(Image-caption web data)
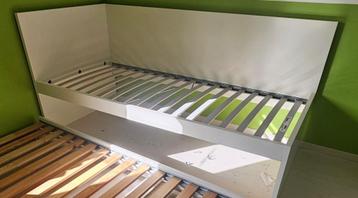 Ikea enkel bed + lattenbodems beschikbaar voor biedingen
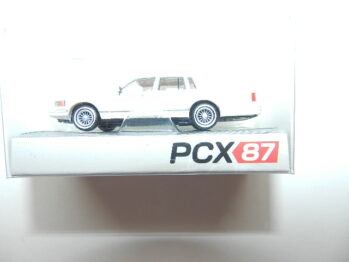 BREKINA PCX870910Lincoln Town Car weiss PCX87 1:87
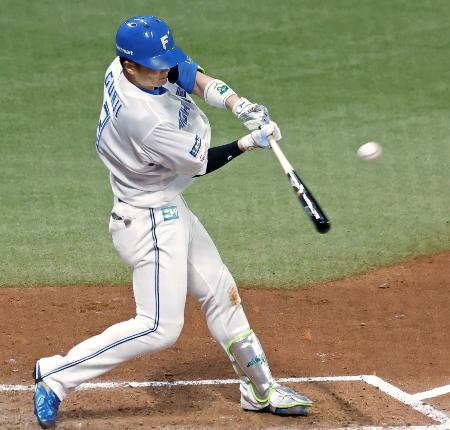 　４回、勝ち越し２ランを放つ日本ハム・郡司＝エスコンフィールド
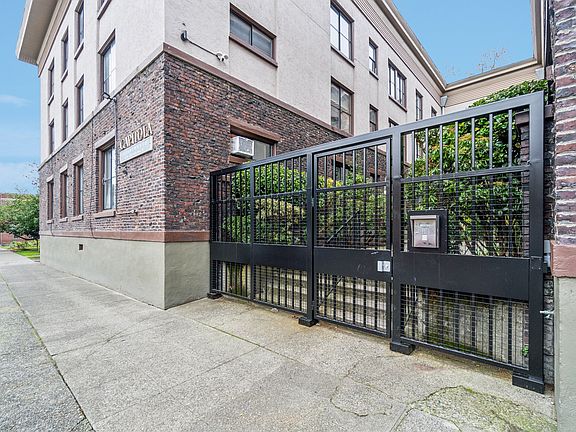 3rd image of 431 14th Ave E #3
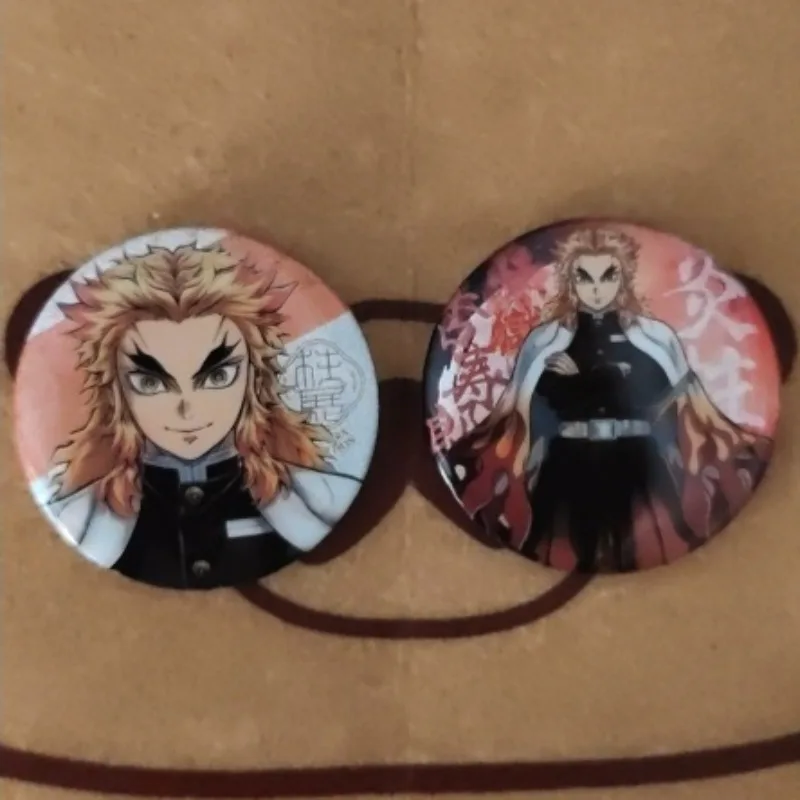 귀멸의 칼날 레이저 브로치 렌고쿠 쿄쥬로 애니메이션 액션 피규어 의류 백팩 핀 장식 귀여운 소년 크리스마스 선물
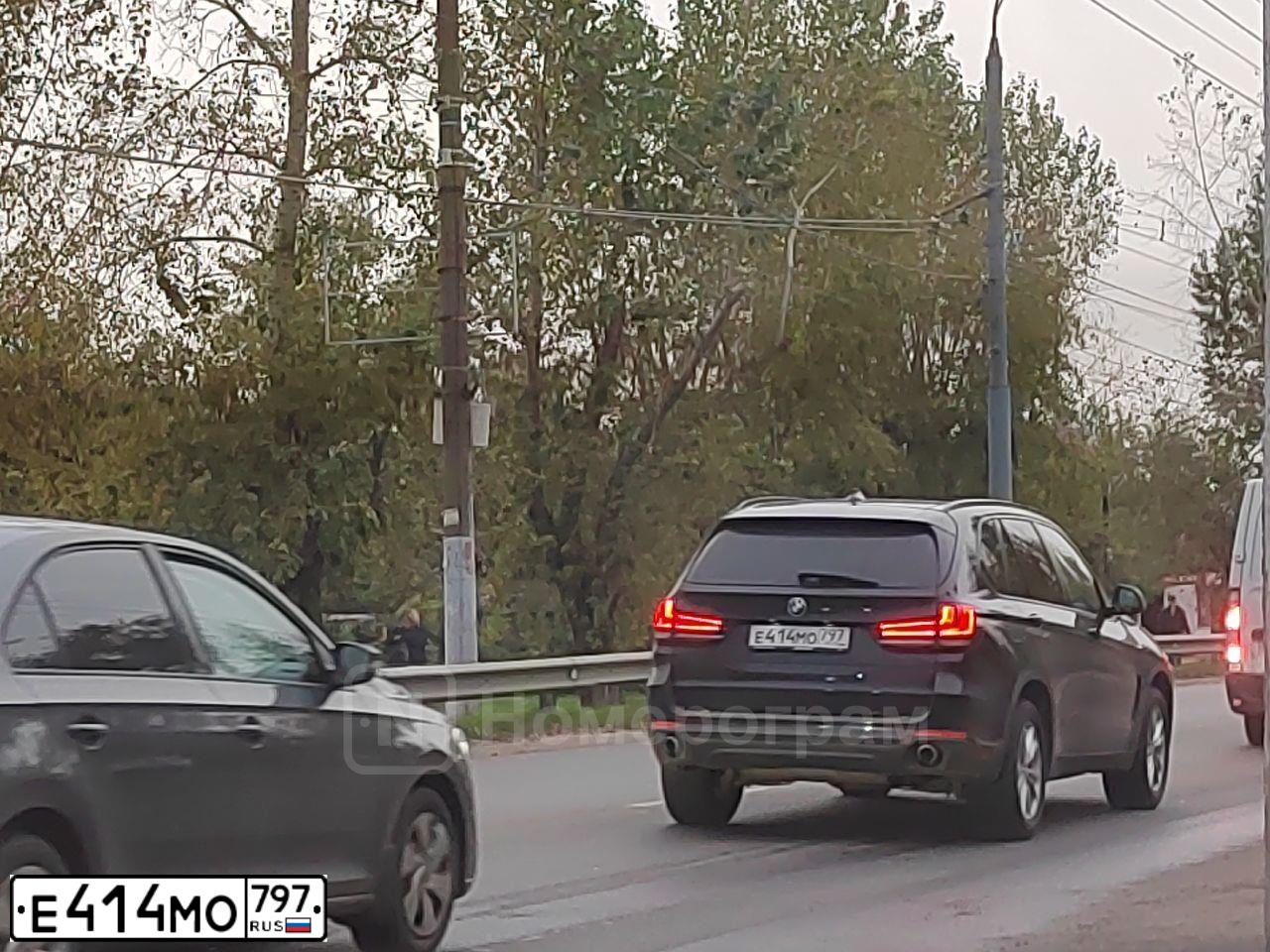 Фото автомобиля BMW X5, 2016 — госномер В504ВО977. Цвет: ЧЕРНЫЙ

# [What to produce]
When you give the entries again, keep them exact and omit any picture they contain.

# [Task output]
 Ikea enkel bed + lattenbodems beschikbaar voor biedingen
 BREKINA PCX870910Lincoln Town Car weiss PCX87 1:87
 　４回、勝ち越し２ランを放つ日本ハム・郡司＝エスコンフィールド
 3rd image of 431 14th Ave E #3
 귀멸의 칼날 레이저 브로치 렌고쿠 쿄쥬로 애니메이션 액션 피규어 의류 백팩 핀 장식 귀여운 소년 크리스마스 선물
 Фото автомобиля BMW X5, 2016 — госномер В504ВО977. Цвет: ЧЕРНЫЙ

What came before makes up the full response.